We did elective cases all day yesterday and then got in a 4 year old cutie with a displaced supracondylar fracture of the humerus about 9pm (elbow fracture). Jenny got him to sleep quickly, we fired up the C-arm and got an anatomic reduction and 2 K-wires in by 10 o'clock. I would wager to say that there are precious few hospitals in the US that could even come close to that time frame. I wish they could have stayed longer but left this morning. Jenny is a fearless anesthesiologist. She dove right in doing cases here as if this was her home turf. She was not bothered by lack of her usual medications and monitoring devices including end tidal CO2. She fit in perfectly and I would love for here to come back as often as possible. It was a quick hitter as teams go but helped me enormously. Craig had a great suggestion for organizing anesthesia coverage. Get state anesthesia societies to each take responsibility for a month here at HAH. He and Jennie are going to work on Nevada.

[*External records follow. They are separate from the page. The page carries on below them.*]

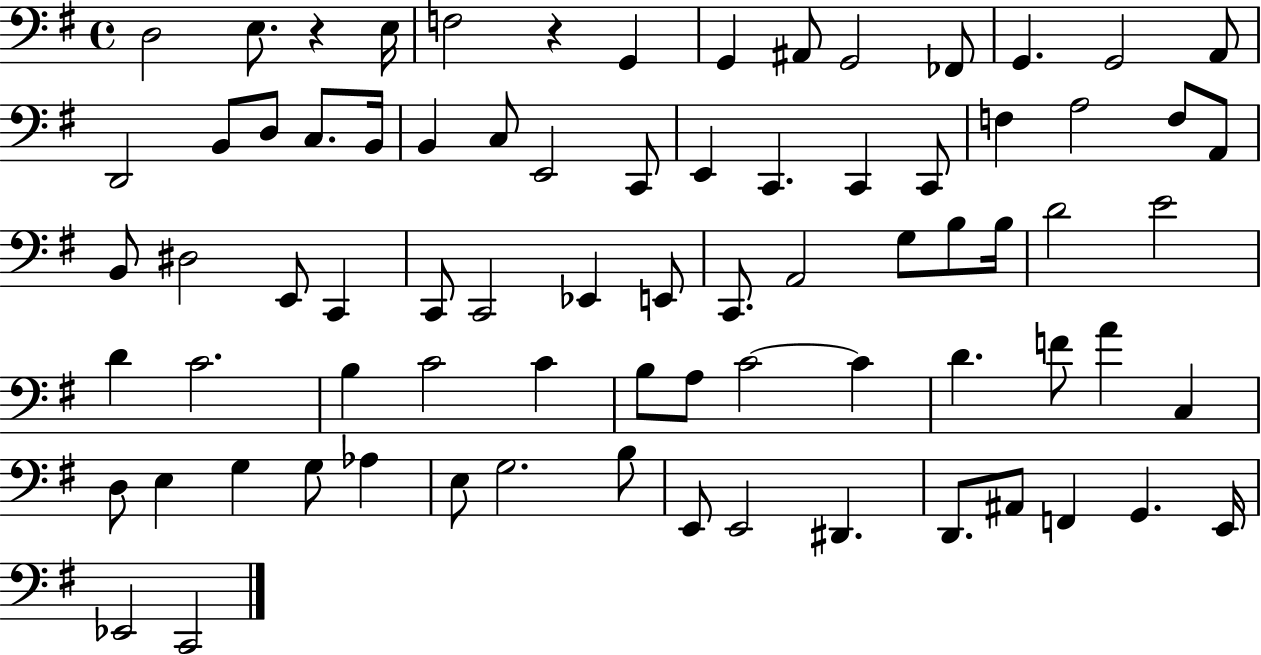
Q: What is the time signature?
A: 4/4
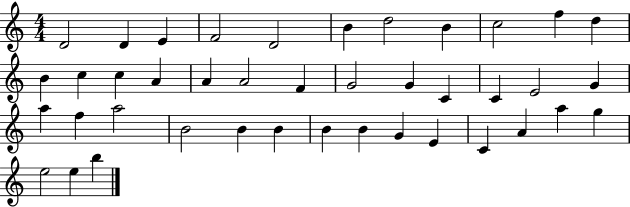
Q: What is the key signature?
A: C major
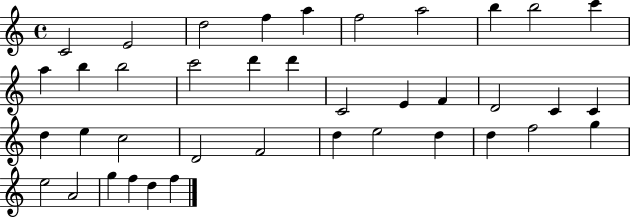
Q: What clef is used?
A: treble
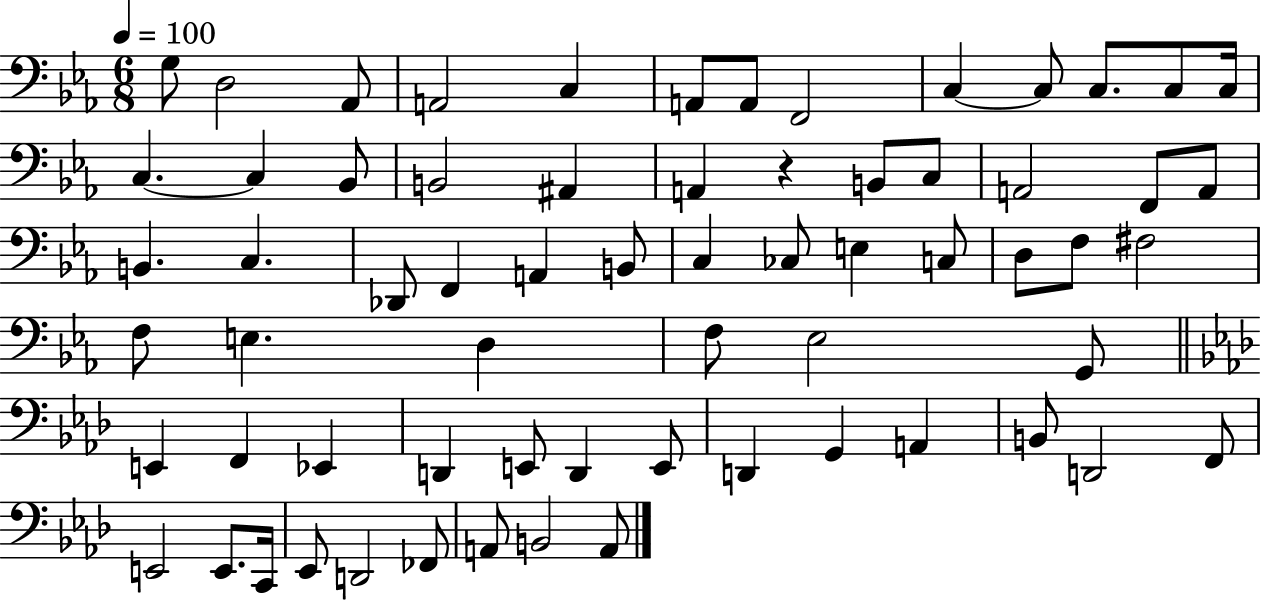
{
  \clef bass
  \numericTimeSignature
  \time 6/8
  \key ees \major
  \tempo 4 = 100
  g8 d2 aes,8 | a,2 c4 | a,8 a,8 f,2 | c4~~ c8 c8. c8 c16 | \break c4.~~ c4 bes,8 | b,2 ais,4 | a,4 r4 b,8 c8 | a,2 f,8 a,8 | \break b,4. c4. | des,8 f,4 a,4 b,8 | c4 ces8 e4 c8 | d8 f8 fis2 | \break f8 e4. d4 | f8 ees2 g,8 | \bar "||" \break \key f \minor e,4 f,4 ees,4 | d,4 e,8 d,4 e,8 | d,4 g,4 a,4 | b,8 d,2 f,8 | \break e,2 e,8. c,16 | ees,8 d,2 fes,8 | a,8 b,2 a,8 | \bar "|."
}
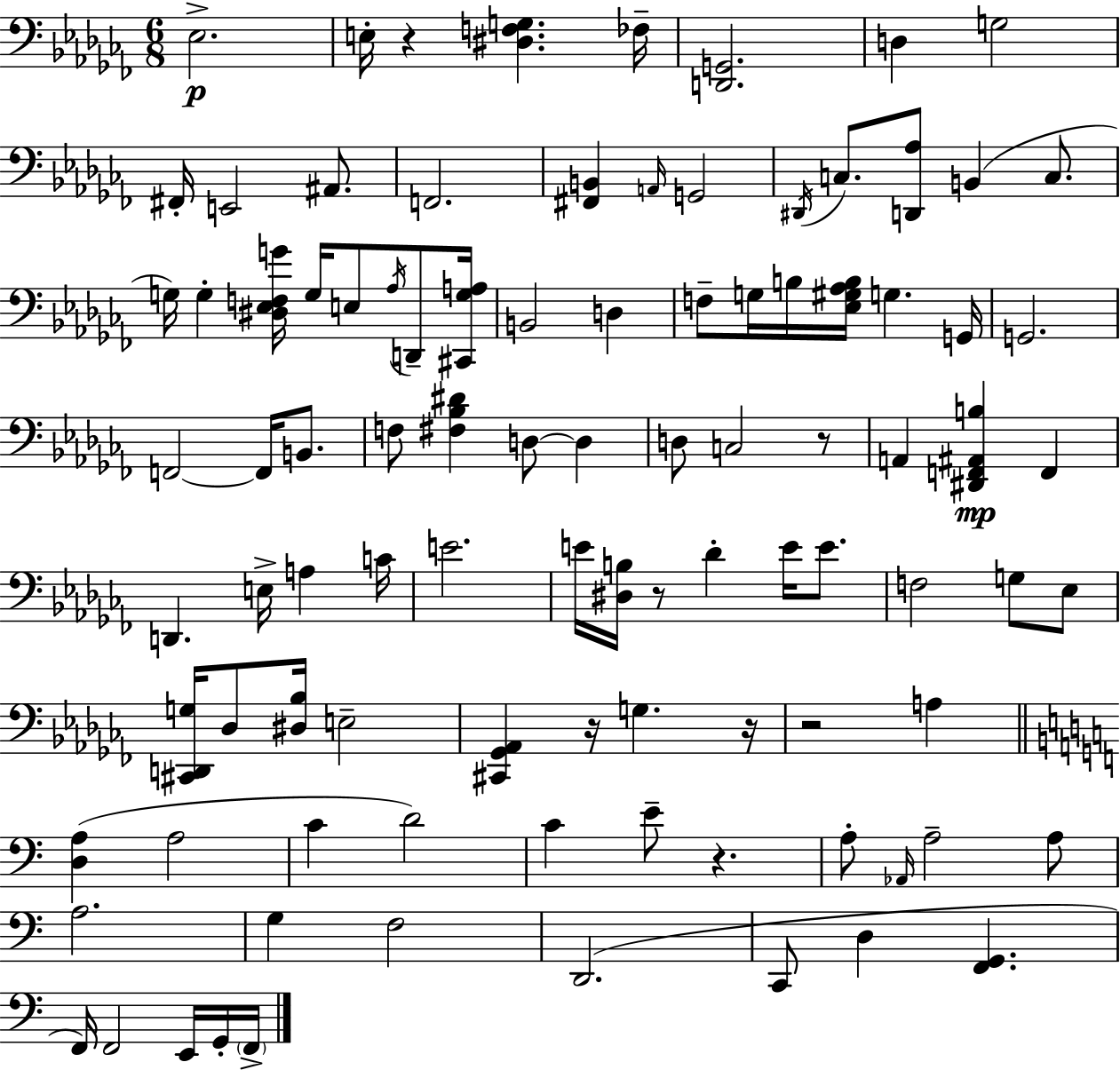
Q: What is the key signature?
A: AES minor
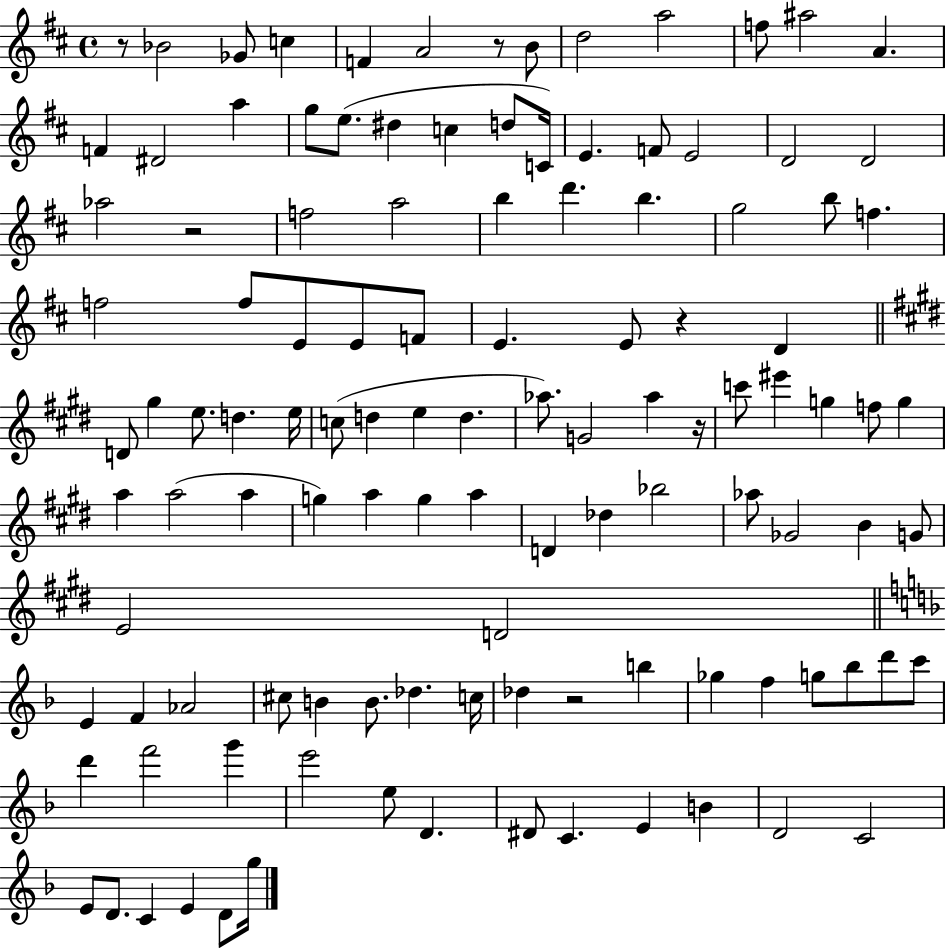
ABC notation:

X:1
T:Untitled
M:4/4
L:1/4
K:D
z/2 _B2 _G/2 c F A2 z/2 B/2 d2 a2 f/2 ^a2 A F ^D2 a g/2 e/2 ^d c d/2 C/4 E F/2 E2 D2 D2 _a2 z2 f2 a2 b d' b g2 b/2 f f2 f/2 E/2 E/2 F/2 E E/2 z D D/2 ^g e/2 d e/4 c/2 d e d _a/2 G2 _a z/4 c'/2 ^e' g f/2 g a a2 a g a g a D _d _b2 _a/2 _G2 B G/2 E2 D2 E F _A2 ^c/2 B B/2 _d c/4 _d z2 b _g f g/2 _b/2 d'/2 c'/2 d' f'2 g' e'2 e/2 D ^D/2 C E B D2 C2 E/2 D/2 C E D/2 g/4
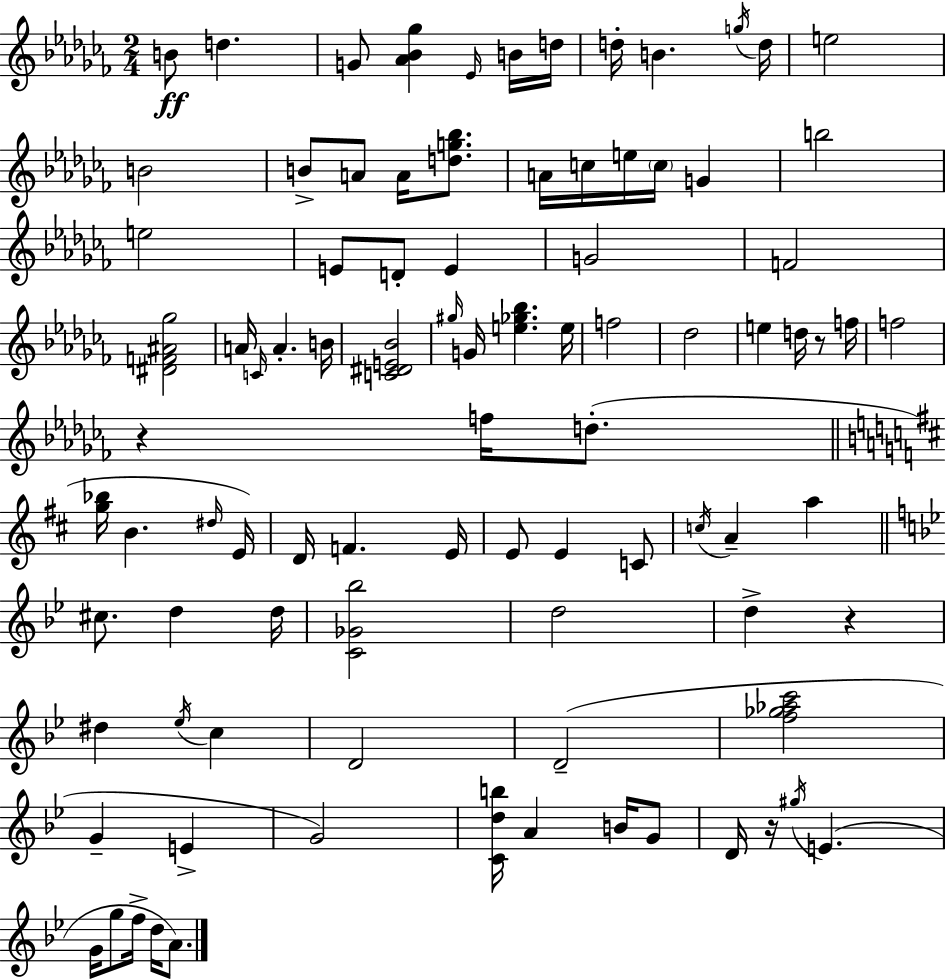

|Her leg can be straightened at HAH!|
I saw another incredibly precious little girl in the clinic. She has a major deformity of her leg.The tibia is very bowed in a fairly sharp angle above the ankle She bopped in with her wrap around shades up on her forehead like she owned the place. I held her in my lap and she was totally mine. It gives me unbelievable pleasure to know that this little girl can be given a nice straight leg and I can be a part of that process. I am very proud to say that it can be done at Haiti Adventist Hospital. If not for the disaster of one year ago, she very well may have lived her live limping on a deformed short leg. I want to see that little girl to grow to become a young lady with perfect posture, a ladylike gait and loads of self esteem.
|(note the normal left leg compared with the right. On X-Rays, left and right are reversed as though you are looking at the person).|
I had an interesting interaction toward the end of my day Friday. As I was doing an arthroscopy on a PAYING patient, Dr Hans Larsen walked into my OR. He is the president of the Haitian Orthopedic Society. We talked about several things including arthroscopy. He has done some arthroscopy in the past at HAH. He currently does an occasional case at a different hospital. I told him of my interest in teaching local orthopedists and he suggested that the residents from the university program should rotate with me. I asked him if he did ACL reconstructions and he said "no." I told him I would be happy to help him with his cases either here at HAH or at his hospital. He said he would bring them here.